From: Robin Dapp <rdapp.gcc@gmail.com>
To: gcc-patches <gcc-patches@gcc.gnu.org>
Cc: rdapp.gcc@gmail.com
Subject: [PATCH] vect: Add a popcount fallback.
Date: Mon, 7 Aug 2023 22:20:07 +0200 [thread overview]
Message-ID: <4d0d53a0-20d2-5b98-c4f9-67b624a27269@gmail.com> (raw)
Hi,
This patch adds a fallback when the backend does not provide a popcount
implementation. The algorithm is the same one libgcc uses, as well as
match.pd for recognizing a popcount idiom. __builtin_ctz and __builtin_ffs
can also rely on popcount so I used the fallback for them as well.
Bootstrapped and regtested on x86, aarch64 and power10. Unfortunately
I don't have access to any architecture other than riscv that vectorizes
but does not have a vectorized popcount. I added all vect_int targets
to the selector where a cursory grep "expand.*popcount" would yield no
result.
Regards
Robin
gcc/ChangeLog:
* tree-vect-patterns.cc (vect_have_popcount_fallback): New
function.
(vect_generate_popcount_fallback): New function to emit
vectorized popcount fallback.
(vect_recog_ctz_ffs_pattern): Use fallback.

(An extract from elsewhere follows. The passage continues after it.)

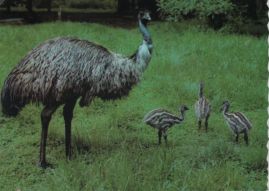 Hier geht es zur Karte mit dem Motiv 'Emu mit drei Jungvögeln'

(vect_recog_popcount_clz_ctz_ffs_pattern): Ditto.
gcc/testsuite/ChangeLog:
* gcc.dg/vect/vect-popcount-fallback.c: New test.
---
.../gcc.dg/vect/vect-popcount-fallback.c | 106 +++++++++++
gcc/tree-vect-patterns.cc | 172 ++++++++++++++++--
2 files changed, 267 insertions(+), 11 deletions(-)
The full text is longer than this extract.